Again, the market has been quite stretched to the upside, and even with these extensions, the market still counts best as completing 3 waves up off the December lows.
The question then becomes how deep the next pullback will take us. Ideally, the pullback should be taking us to levels below 2600 SPX if this is indeed an [a] wave rally. Therefore, we now need to see the SPX break below the 2710 level for an initial signal that this rally has culminated, with follow through below 2695 providing strong confirmation that we have begun the [b] wave pullback.
However, if the market is unable to break below 2600 SPX in the coming week or two, and then can rally to levels at least in the 2745 SPX region, then I would consider that 5 waves up off the December lows, and would have to consider the potential that all of wave 4 is done (as my alternative count), as I have discussed in the prior updates. But, until such time, I have no reason to strongly consider wave 4 as having completed. And, even in this more immediate bullish case, the wave 2 retrace will still take us back down into the 2500-2600 region before the market begins its 5th wave to 3400+ in earnest.
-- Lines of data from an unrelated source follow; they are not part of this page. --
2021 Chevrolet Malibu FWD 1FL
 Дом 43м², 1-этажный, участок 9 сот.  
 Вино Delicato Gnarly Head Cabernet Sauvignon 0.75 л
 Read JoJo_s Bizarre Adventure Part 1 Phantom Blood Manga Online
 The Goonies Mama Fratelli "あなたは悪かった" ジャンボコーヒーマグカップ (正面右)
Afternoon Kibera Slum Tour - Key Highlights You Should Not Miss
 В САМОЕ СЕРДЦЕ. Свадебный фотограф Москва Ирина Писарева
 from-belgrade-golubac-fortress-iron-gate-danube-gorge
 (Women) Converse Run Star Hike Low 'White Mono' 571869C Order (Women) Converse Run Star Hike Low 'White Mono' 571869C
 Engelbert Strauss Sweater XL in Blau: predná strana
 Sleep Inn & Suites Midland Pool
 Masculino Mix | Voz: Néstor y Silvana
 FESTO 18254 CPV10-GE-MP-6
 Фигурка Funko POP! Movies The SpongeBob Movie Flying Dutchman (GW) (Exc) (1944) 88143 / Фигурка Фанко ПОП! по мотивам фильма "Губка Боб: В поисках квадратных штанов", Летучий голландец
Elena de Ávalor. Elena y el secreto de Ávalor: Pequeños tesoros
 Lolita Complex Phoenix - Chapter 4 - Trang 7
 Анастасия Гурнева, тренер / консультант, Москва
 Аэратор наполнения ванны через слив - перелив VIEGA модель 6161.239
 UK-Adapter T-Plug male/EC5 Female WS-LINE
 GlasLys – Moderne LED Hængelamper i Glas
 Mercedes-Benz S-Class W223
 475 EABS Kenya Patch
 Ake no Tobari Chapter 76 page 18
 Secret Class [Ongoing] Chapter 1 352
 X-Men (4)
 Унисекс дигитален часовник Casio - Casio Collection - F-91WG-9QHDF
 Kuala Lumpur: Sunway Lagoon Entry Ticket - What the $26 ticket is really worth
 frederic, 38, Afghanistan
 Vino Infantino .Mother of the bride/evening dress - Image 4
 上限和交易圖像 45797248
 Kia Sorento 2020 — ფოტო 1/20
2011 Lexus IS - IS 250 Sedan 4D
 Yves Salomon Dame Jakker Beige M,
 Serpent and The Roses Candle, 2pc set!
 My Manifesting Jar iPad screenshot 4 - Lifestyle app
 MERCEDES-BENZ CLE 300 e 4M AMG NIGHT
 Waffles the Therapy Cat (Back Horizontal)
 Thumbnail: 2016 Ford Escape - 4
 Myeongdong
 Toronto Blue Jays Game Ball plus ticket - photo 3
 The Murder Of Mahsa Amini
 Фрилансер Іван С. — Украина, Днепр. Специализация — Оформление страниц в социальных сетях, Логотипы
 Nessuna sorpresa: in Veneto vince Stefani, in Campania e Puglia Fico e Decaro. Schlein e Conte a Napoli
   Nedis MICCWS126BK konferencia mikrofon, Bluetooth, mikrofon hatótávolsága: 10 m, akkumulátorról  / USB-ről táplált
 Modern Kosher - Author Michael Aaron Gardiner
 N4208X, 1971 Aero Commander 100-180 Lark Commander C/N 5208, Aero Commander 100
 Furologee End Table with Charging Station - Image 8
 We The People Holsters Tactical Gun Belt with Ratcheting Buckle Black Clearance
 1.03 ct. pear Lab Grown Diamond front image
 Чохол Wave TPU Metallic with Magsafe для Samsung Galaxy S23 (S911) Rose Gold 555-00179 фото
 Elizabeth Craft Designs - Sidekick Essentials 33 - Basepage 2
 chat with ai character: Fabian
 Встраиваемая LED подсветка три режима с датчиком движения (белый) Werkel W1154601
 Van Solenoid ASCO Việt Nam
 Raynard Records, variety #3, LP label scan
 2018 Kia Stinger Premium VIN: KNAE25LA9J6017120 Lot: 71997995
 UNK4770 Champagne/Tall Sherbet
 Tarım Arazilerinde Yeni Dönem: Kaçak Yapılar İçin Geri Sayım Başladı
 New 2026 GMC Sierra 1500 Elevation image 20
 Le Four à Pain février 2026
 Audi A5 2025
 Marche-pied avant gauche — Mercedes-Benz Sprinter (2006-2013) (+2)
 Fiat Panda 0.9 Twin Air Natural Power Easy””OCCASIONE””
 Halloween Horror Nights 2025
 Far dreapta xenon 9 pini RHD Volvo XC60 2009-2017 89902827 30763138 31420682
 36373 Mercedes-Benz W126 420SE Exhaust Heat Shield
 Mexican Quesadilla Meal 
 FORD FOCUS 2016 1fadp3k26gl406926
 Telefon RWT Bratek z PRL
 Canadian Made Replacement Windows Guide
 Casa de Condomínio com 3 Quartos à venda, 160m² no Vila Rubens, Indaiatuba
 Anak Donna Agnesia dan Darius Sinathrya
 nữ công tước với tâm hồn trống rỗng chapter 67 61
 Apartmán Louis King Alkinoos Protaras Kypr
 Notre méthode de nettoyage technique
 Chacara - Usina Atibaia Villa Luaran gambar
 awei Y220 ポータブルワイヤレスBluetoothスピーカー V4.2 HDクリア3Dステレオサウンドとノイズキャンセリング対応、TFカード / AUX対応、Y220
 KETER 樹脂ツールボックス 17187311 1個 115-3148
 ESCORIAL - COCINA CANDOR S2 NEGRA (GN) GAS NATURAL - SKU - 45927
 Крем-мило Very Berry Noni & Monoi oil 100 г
But, again, that is simply an alternative, as the primary count still has us looking for the top to this [a] wave imminently, despite how extended it has now become. Either way, the next bigger pullback is going to likely be a buying opportunity for a rally of at least 350 points in the [c] wave scenario, and as much as 1000 points in the more bullish alternative. For now, my expectations remain with the a-b-c structure.